Federal prosecutors rejected 87% of the international terrorism cases brought by the FBI during the first nine months of fiscal year 2006, a Syracuse University analysis concluded.
The review, conducted by the university's Transactional Records Access Clearinghouse (TRAC), found that the number of rejections has been generally increasing since 2001. Prosecutions fell from 118 defendants in fiscal year 2002, to 19 defendants from Oct. 1, 2005, to June 30, the latest data available.
The Justice Department challenged the findings and said the analysis represented an "astonishing misunderstanding" of the inner workings of the federal criminal justice system.
"This report contains inaccurate figures, relies on a faulty assumption that every referral from an investigative agency should result in a criminal prosecution and ignores the reality of how the war on terrorism is being conducted," said Justice Department spokesman Brian Roehrkasse.
In the weeks after the Sept. 11 attacks, the Justice Department announced a dramatic transformation of its mission, from a prosecution-driven institution to an agency that emphasizes prevention and the development of a domestic intelligence system.
Because of the new mission, Roehrkasse said, cases rejected for prosecution don't necessarily close investigations.
"Often, matters are referred to prosecutors to assist in further investigation through the use of criminal investigative tools that require legal process such as a subpoena or surveillance order," he said.
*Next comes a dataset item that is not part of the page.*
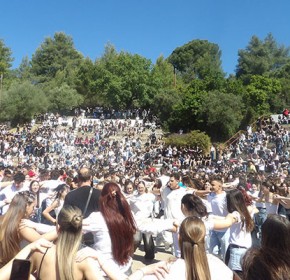 Κρέστενα: Τεράστια επιτυχία σημείωσε το 18ο Φεστιβάλ Μαθητικής Δημιουργικής Έκφρασης [PHOTOS]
Hoax cases that were dismissed may have been included in the government data, too, he said.
The TRAC report appears to reflect Justice's new mission, but Roehrkasse said the department's rejection rate stands at 67%, not 87%. He added the department has prosecuted 36 international terrorism defendants, nearly double the number reported in the analysis.
Susan Long, one of the report's authors, defended TRAC's analysis of the numbers. The data used in the review were obtained from the Justice Department's Executive Office for U.S. Attorneys.
"The information comes from their files," Long said.